I can already tell it's going to be fun: unlike worker/students I've taught at some other companies, these guys are super-talkative. There are two class clowns who should keep things interesting.
The Chinese employees of the Development Zone have a definite sense of hierarchy of companies. The Scandinavian, German and American companies are regarded as the very best, with Ikea at the top. All these Western companies are known for relatively good pay (Germans and Scandinavians somewhat higher than Americans) and great office atmosphere.
Chinese companies suck, but no worse than Chinese companies in the rest of China.
Korean companies are known for low pay and bullying bosses. Japanese are regarded as the very worst.
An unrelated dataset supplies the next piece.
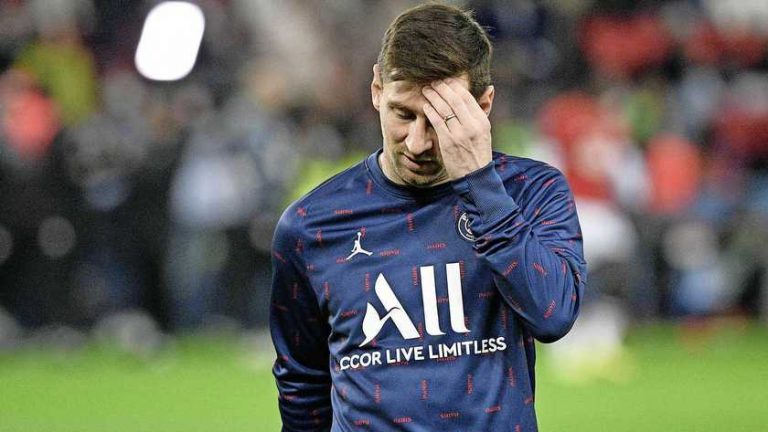 Heibel in Parijs? PSG-directeur uit ongenoegen over Lionel Messi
The pay is ⅓ lower than at a Chinese company, the bosses are extremely condescending and demanding, and the office atmosphere is authoritarian.
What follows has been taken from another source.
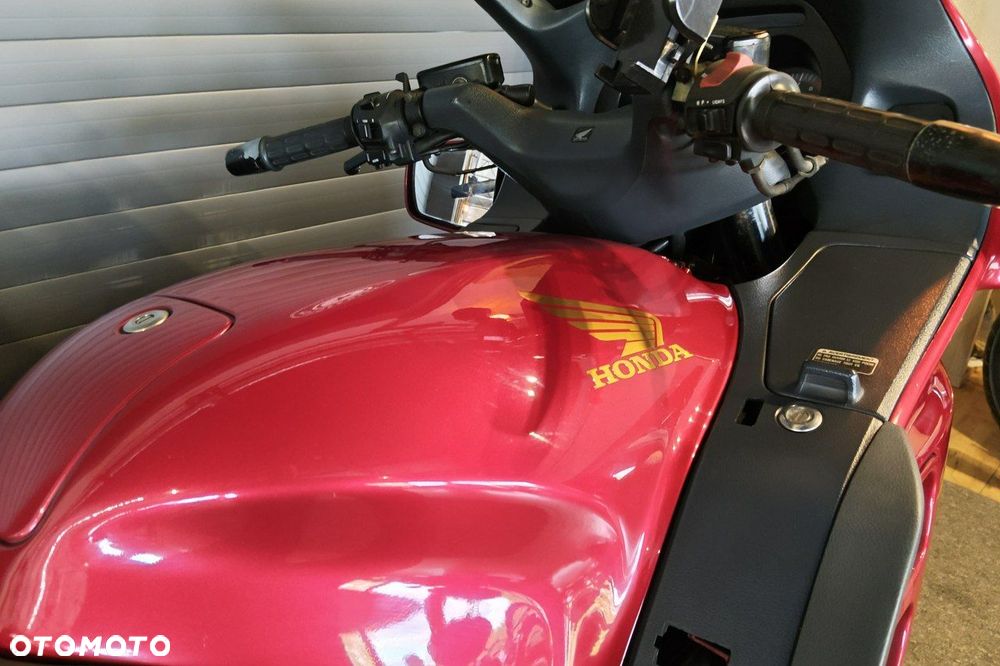 Honda ST - 4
A student in class today said "Japanese boss tell me 'Do this, then do this, then do this.' Ikea boss tell me 'Solve this problem, up to you how.'" I could clearly see the results of that respectful atmosphere in the attitudes of these students.
Now that I'm living in the Development Zone, these kinds of classes should be plentiful. It's a shame I love teaching at the university, because I could probably make twice the money with a lot less stress and hassle just by chasing down jobs like this in the Development Zone
The Development Zone has this great combination of lots of foreign companies, but almost no foreign teachers. That means parents out here see the value of English for their kids, companies need to teach English to their workers, workers earn a hefty premium (sometimes 20% or more) for knowing English — and there's only little-ole' me and a few others to teach them! I like that particular mixture of supply and demand.
The only trouble is, I don't love teaching English as much as I love teaching content classes like Business Ethics, European Civ, The Moral Foundations of Capitalism, and Entrepreneurship. So I'm actually taking a relative pay cut, working longer and harder, for the privilege of teaching what I most love to teach. Teaching English is a blast, too, but it just doesn't exercise my capacity the way that teaching philosophy-related courses does.
So for the time being, I'll carry on working at the university while making my real money on the side at lovely little gigs like this.